As for your external worker question, we don’t have specific documentation around Service Fabric deployments using workers. Workers are fairly transparent and only represent a location where the actual deployment will take place from. Dependencies which are bundled with Octopus will be pushed down to the worker automatically. The bad news here, is that the Service Fabric SDK has dependencies in the GAC so we can’t bundle it as a dependency and can’t install it for you. This means you have to install the SDK on each worker machine manually.
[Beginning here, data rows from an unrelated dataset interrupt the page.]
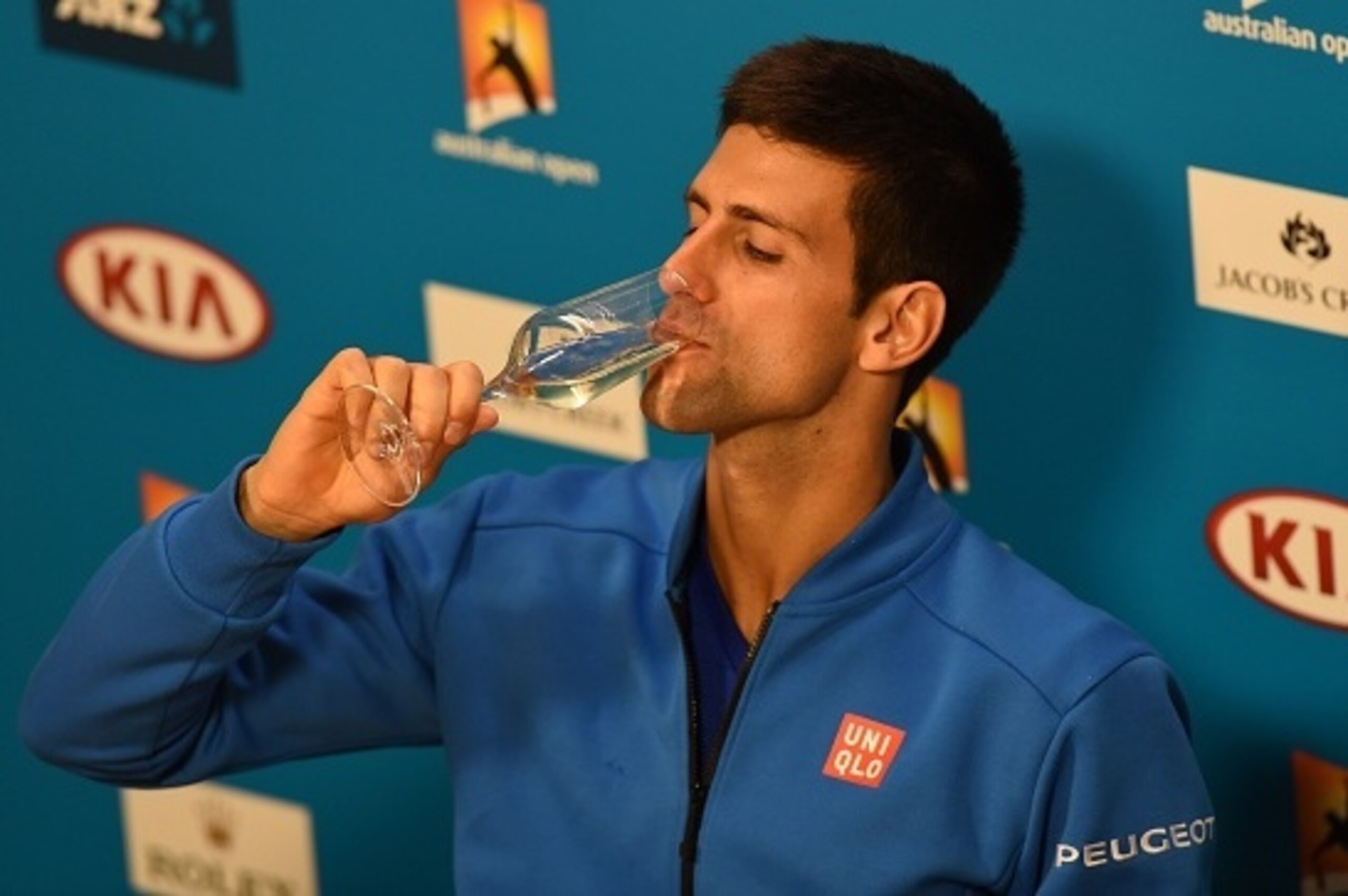 Serbia's Novak Djokovic drinks a glass of champagne as he addresses a press conference after victory in his men's singles final match against Britain's Andy Murray on day fourteen of the 2015 Australian Open tennis tournament in Melbourne early  February 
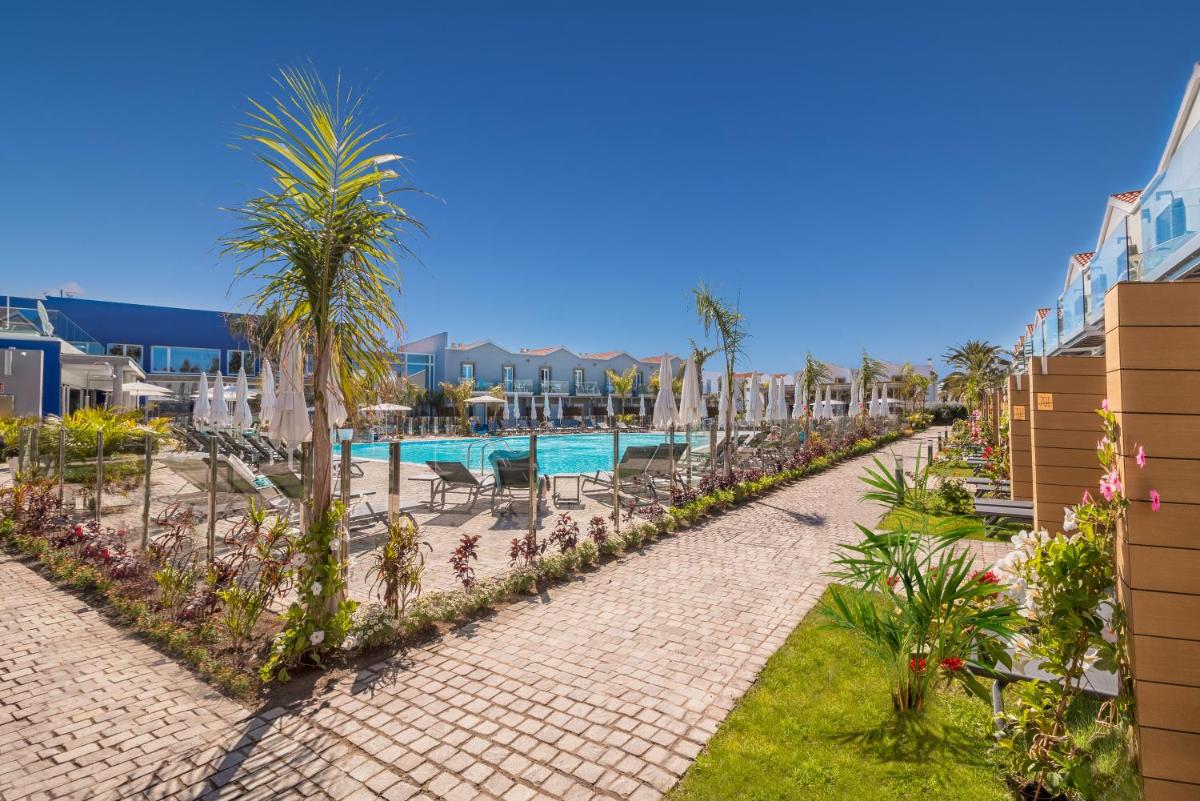 un complejo con piscina y palmeras en Hotel LIVVO Los Calderones - Adults recommended, en Maspalomas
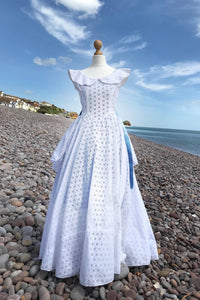 A crisp white cotton dress, full length with a nipped in waist and circle skirt , is shown on a dressmakers dummy on a sunny pebble beach. Blue ribbons flutter at the waist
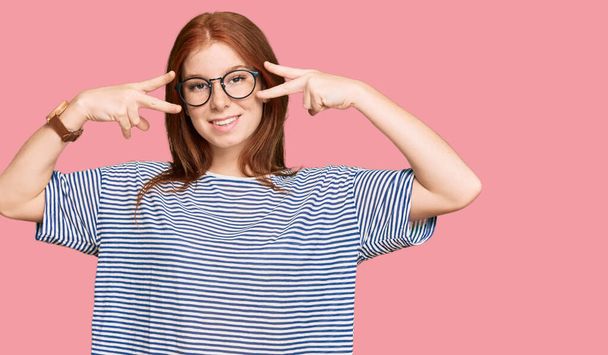 Young read head woman wearing casual clothes and glasses doing peace symbol with fingers over face, smiling cheerful showing victory  - Fotoğraf, Görsel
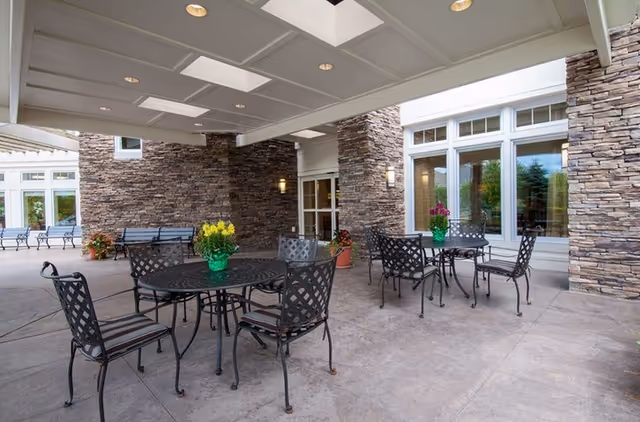 Outdoor covered patio area with metal tables and chairs, each table decorated with a flower pot. The space features stone walls, large windows, and ceiling lights.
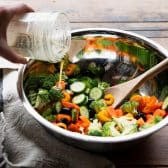 Process shot showing how to make a marinated vegetable salad.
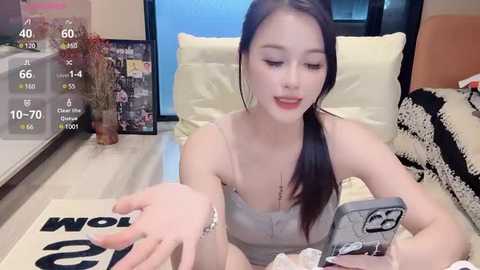 Media: Video of an East Asian woman with long black hair, fair skin, and red lipstick, wearing a light grey spaghetti-strap top, sitting on a beige couch, taking a selfie with a smartphone, with a background featuring a framed photo and a plant.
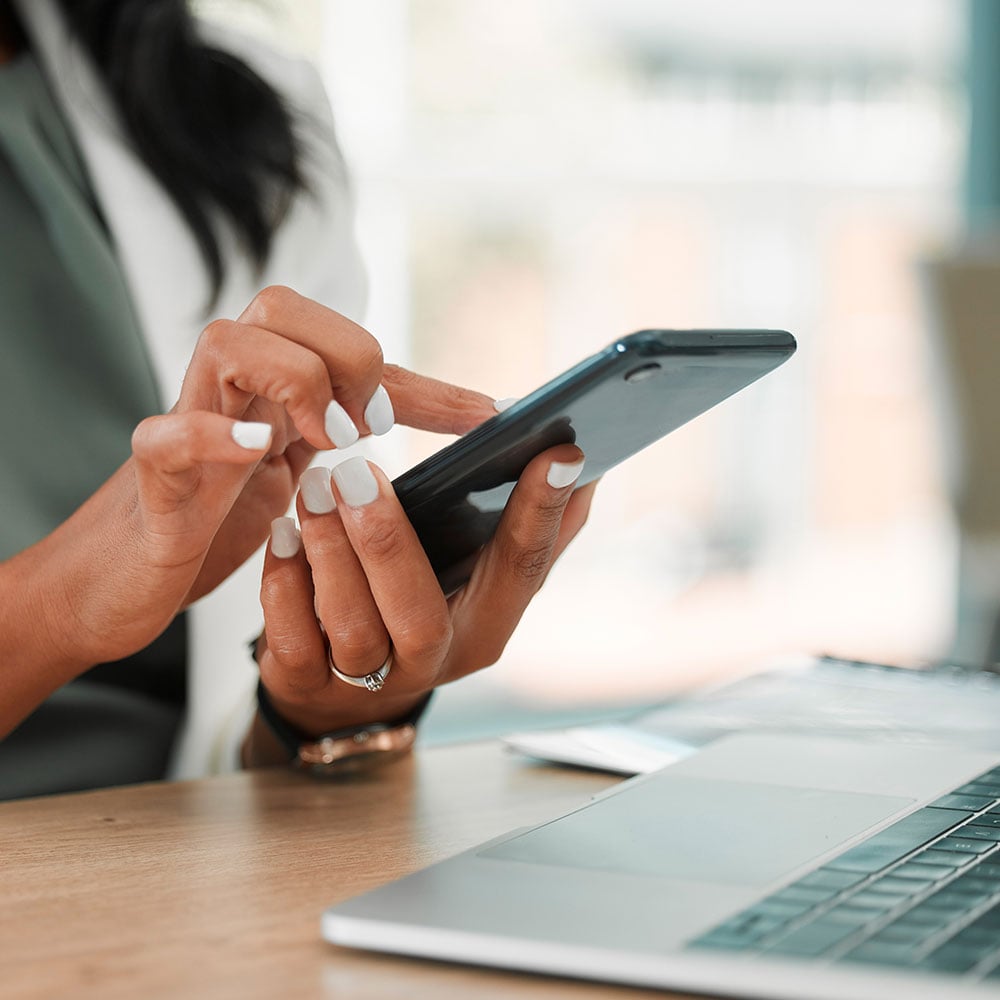 person on their mobile phone viewing their Quest Health results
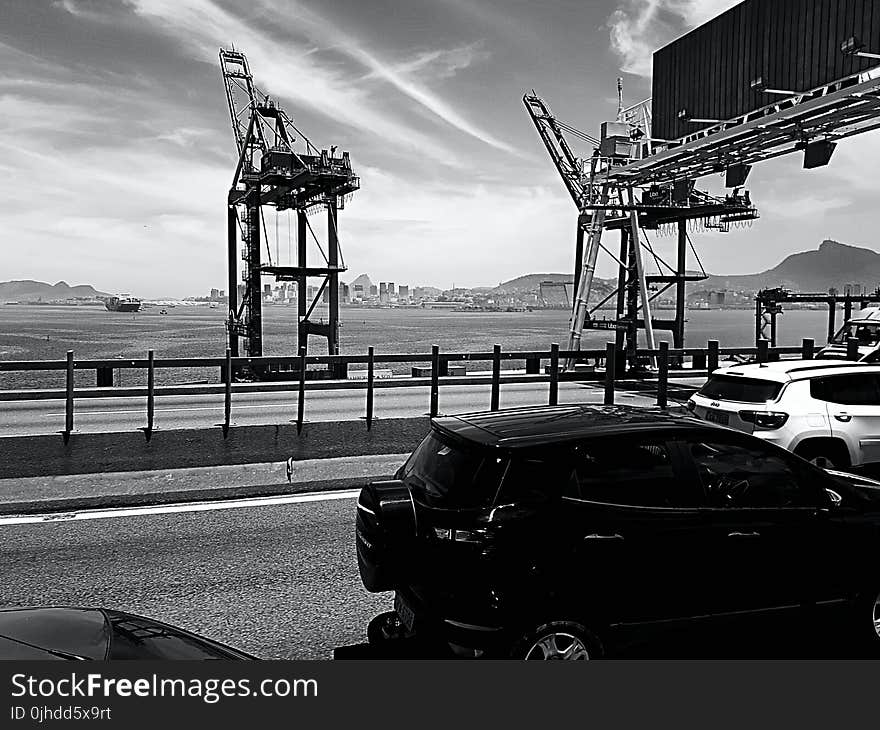 Gray Scale Photo of Black 5-door Hatchback Beside Black Sand Fields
This may however change sometime in the future with Service Fabric core.

The script I was referring to is the one Ben originally linked here. You are free to use and customize this script or create one from scratch. It just needs to be called DeployToServiceFabric.ps1 and exist at the root of the package. With that being said, it doesn’t sound like it is going to provide much benefit in this scenario nor would I advise customizing unless you absolutely have to.

I hope the above helps.

Thanks again @Shaun_Marx.

OK, based on that, I think this narrows down the process to:

1 As an Octopus Step, run our own custom Powershell against the Service Fabric SDK (installed on Octopus sever) to create a Service Fabric package, then…
2 Run our own custom Powershell to push the Service Fabric package to a Tentacle or External Worker (running on the client’s network), then…
3 Run our own custom Powershell on the Tentacle or External Worker to push the package into Service Fabric, authenticating via a local AD domain account

Would you agree? If so, please could you help with these:

  • I read in your docs that an External Worker can be a Tentacle. Why would you use an External Worker over a regular Tentacle?
  • Can we configure the Tentacle or Worker of step 3 to execute as a specific local AD user, or does that have to be done in the Powershell itself?

Much obliged

@HowardB, not sure I entirely follow. We wouldn’t usually recommend Octopus take care of creating the service fabric package, that should be done by the build server. You also wouldn’t need to run a custom PowerShell script to push the package. You should be able to achieve what you are looking to do by doing the following:

  1. Create an Azure Service Fabric deployment target and add a service fabric step to a project
  2. Push your service fabric package generated by your build server which optionally may contain a custom DeployToServiceFabric.ps1 at the root of this package
  3. Deploy using Octopus which will take care of the rest

Please note that we will be introducing an AD option to the Azure Service Fabric step very soon. In the interim, you can possibly add a variable called Octopus.Action.ServiceFabric.SecurityMode with a value of SecureAD or you could customize the deployment script to always use Active Directory. You can follow the progress regarding AD support for our Service Fabric step here

I also understand the confusion around workers and tentacles. A worker is just a tentacle that has no roles and is used to execute tasks somewhere other than the Octopus server process itself. The important thing to note here though is that our Azure Service Fabric step always runs on a worker. By default, the server has a built-in worker which is usually used, however, you can shift this work somewhere else and that is what an external worker allows you to do.


Thanks @Shaun_Marx.

I think we are going round in circles a little. I thought we couldn’t use an Azure Service Fabric deployment target because that, currently doesn’t support local AD auth…

Anyhow, I’ve revised our approach below:

1 On the Build Server, run custom script to create a Service Fabric package using the Service Fabric SDK (installed on the Build server), then…
2 Push the Service Fabric package to a Tentacle (running on the client’s network), then…
3 Run our own custom Powershell on the Tentacle to push the package into Service Fabric, authenticating via a local AD domain account

Thanks Howard

Hi Howard,

Sorry for the delay responding.
Your revised approach looks good, the only change I would recommend is in step 2, instead of uploading the package directly to the Tentacle, upload it to our built-in feed and then have the script reference that package.